INPUT FOR THIS TASK —
=-=-=

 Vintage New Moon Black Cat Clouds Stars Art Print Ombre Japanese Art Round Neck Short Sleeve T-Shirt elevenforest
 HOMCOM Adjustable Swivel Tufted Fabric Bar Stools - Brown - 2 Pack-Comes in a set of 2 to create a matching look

=-=-=

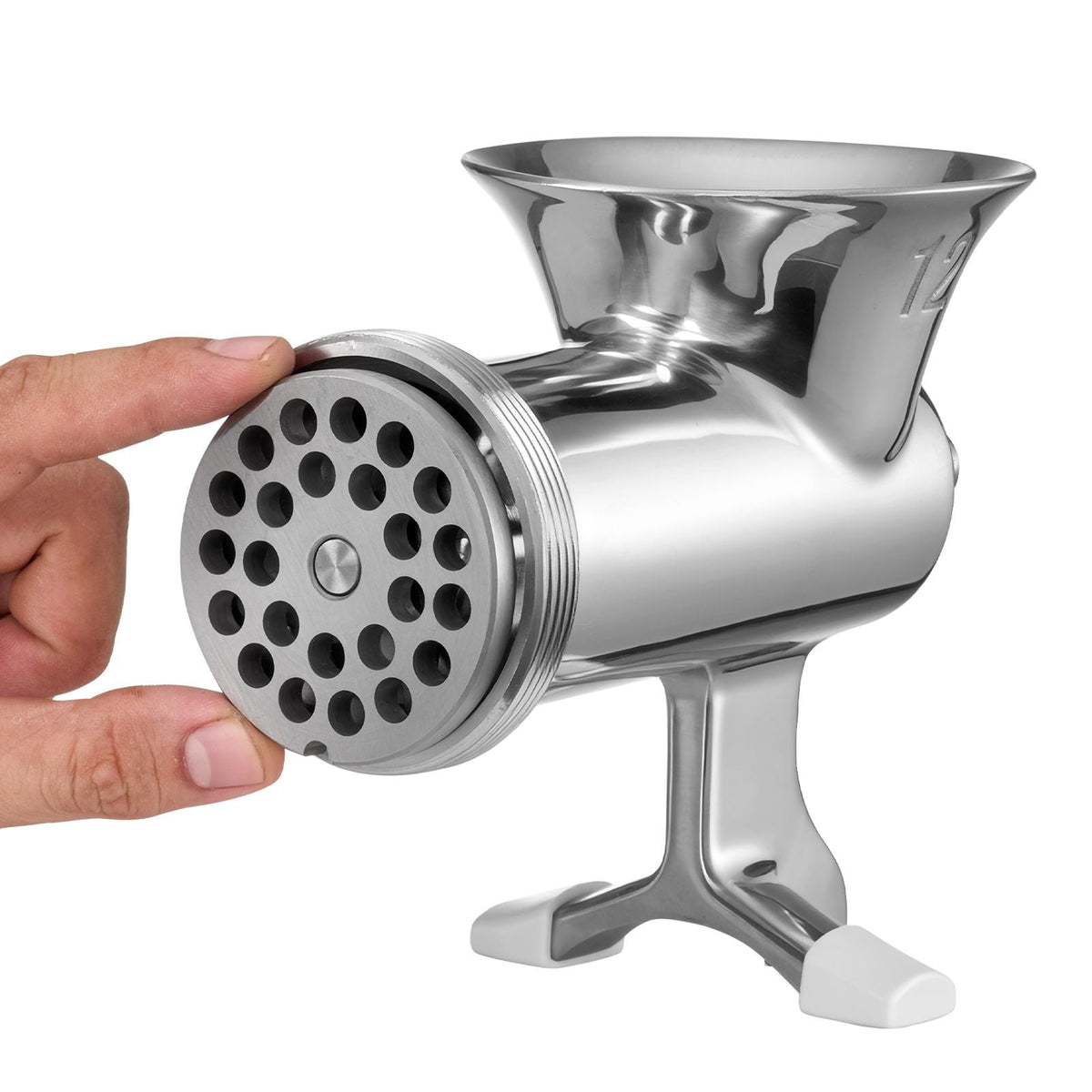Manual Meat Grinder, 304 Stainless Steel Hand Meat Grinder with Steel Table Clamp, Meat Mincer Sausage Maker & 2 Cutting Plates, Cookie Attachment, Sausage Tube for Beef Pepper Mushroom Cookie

=-=-=

WHAT YOU NEED TO DO — Precisely the lines between those holding "Vintage New Moon" and "HOMCOM Adjustable Swivel", inclusive, are to be reproduced from the listing above, with nothing added.

RESPONSE —
 Vintage New Moon Black Cat Clouds Stars Art Print Ombre Japanese Art Round Neck Short Sleeve T-Shirt elevenforest
 HOMCOM Adjustable Swivel Tufted Fabric Bar Stools - Brown - 2 Pack-Comes in a set of 2 to create a matching look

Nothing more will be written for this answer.